## What you need to do
The lines to repeat are those below from the one containing "Antique 1905 Nautical" down to the one containing "Primark Black &", both included; reproduce them exactly and nothing else.

## Dataset content
--

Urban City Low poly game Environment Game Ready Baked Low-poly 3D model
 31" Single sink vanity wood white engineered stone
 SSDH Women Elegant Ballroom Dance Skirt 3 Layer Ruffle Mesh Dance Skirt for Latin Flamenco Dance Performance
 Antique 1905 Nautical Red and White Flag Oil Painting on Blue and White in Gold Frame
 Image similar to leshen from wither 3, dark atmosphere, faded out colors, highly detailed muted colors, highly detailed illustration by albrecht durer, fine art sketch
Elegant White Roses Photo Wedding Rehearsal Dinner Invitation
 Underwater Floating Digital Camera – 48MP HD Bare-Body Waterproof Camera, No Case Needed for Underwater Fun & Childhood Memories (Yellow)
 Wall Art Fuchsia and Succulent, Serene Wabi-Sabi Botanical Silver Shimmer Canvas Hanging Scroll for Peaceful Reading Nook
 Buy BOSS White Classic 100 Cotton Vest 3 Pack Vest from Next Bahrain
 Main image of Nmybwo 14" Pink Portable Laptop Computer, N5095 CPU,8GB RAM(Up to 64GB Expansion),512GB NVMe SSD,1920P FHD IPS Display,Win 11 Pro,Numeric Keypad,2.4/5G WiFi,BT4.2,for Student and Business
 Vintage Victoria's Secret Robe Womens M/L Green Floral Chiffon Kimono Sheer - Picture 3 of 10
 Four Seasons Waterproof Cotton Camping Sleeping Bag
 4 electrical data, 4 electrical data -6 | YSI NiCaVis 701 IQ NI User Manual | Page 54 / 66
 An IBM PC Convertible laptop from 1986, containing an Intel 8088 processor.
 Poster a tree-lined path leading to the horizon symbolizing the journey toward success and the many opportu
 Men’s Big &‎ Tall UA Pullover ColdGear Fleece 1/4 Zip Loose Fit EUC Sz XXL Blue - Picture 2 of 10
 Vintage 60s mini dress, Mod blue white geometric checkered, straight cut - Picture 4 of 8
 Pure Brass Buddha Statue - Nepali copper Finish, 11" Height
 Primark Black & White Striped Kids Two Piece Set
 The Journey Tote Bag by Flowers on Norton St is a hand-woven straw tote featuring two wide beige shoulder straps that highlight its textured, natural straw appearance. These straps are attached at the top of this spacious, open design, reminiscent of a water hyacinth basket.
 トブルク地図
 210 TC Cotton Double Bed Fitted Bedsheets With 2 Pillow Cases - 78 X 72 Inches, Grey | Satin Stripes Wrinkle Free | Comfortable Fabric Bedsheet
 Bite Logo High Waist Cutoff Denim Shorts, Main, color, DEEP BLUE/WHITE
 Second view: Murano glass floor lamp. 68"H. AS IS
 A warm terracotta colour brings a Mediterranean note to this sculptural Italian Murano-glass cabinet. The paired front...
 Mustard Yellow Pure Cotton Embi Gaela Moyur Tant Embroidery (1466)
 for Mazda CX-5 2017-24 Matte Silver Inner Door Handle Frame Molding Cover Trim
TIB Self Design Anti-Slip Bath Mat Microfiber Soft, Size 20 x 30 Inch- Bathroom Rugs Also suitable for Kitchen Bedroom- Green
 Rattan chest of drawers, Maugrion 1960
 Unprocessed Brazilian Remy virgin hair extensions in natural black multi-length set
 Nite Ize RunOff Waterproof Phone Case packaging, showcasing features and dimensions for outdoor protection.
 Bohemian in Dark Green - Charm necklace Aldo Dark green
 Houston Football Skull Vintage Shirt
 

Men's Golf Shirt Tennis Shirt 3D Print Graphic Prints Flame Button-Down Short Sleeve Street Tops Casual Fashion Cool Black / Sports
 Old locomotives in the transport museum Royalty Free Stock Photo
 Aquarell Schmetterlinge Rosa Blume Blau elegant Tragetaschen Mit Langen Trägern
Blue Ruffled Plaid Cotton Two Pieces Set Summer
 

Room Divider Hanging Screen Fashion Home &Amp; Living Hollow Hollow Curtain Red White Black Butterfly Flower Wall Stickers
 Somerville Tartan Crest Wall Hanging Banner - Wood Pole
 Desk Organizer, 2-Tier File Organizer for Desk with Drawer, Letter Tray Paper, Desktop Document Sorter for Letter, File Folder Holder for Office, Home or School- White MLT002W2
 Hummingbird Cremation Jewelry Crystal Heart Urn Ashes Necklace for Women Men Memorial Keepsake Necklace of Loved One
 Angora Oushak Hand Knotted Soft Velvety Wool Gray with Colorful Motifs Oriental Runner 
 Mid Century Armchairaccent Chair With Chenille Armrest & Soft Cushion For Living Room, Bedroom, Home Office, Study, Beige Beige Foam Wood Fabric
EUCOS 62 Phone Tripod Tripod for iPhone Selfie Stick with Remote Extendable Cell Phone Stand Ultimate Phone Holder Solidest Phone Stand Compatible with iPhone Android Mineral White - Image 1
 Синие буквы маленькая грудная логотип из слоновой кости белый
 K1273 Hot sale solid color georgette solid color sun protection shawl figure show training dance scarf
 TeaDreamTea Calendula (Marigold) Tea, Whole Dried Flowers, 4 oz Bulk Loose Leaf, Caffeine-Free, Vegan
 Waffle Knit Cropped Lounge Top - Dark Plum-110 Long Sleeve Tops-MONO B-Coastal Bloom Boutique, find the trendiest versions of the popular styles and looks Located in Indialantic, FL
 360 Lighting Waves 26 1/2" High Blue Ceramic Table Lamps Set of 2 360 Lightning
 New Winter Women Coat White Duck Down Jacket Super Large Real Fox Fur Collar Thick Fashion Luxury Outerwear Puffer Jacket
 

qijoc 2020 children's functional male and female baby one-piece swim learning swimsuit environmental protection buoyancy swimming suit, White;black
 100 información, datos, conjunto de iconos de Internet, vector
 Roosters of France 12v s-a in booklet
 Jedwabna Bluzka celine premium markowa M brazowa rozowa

--

## Reply
 Antique 1905 Nautical Red and White Flag Oil Painting on Blue and White in Gold Frame
 Image similar to leshen from wither 3, dark atmosphere, faded out colors, highly detailed muted colors, highly detailed illustration by albrecht durer, fine art sketch
Elegant White Roses Photo Wedding Rehearsal Dinner Invitation
 Underwater Floating Digital Camera – 48MP HD Bare-Body Waterproof Camera, No Case Needed for Underwater Fun & Childhood Memories (Yellow)
 Wall Art Fuchsia and Succulent, Serene Wabi-Sabi Botanical Silver Shimmer Canvas Hanging Scroll for Peaceful Reading Nook
 Buy BOSS White Classic 100 Cotton Vest 3 Pack Vest from Next Bahrain
 Main image of Nmybwo 14" Pink Portable Laptop Computer, N5095 CPU,8GB RAM(Up to 64GB Expansion),512GB NVMe SSD,1920P FHD IPS Display,Win 11 Pro,Numeric Keypad,2.4/5G WiFi,BT4.2,for Student and Business
 Vintage Victoria's Secret Robe Womens M/L Green Floral Chiffon Kimono Sheer - Picture 3 of 10
 Four Seasons Waterproof Cotton Camping Sleeping Bag
 4 electrical data, 4 electrical data -6 | YSI NiCaVis 701 IQ NI User Manual | Page 54 / 66
 An IBM PC Convertible laptop from 1986, containing an Intel 8088 processor.
 Poster a tree-lined path leading to the horizon symbolizing the journey toward success and the many opportu
 Men’s Big &‎ Tall UA Pullover ColdGear Fleece 1/4 Zip Loose Fit EUC Sz XXL Blue - Picture 2 of 10
 Vintage 60s mini dress, Mod blue white geometric checkered, straight cut - Picture 4 of 8
 Pure Brass Buddha Statue - Nepali copper Finish, 11" Height
 Primark Black & White Striped Kids Two Piece Set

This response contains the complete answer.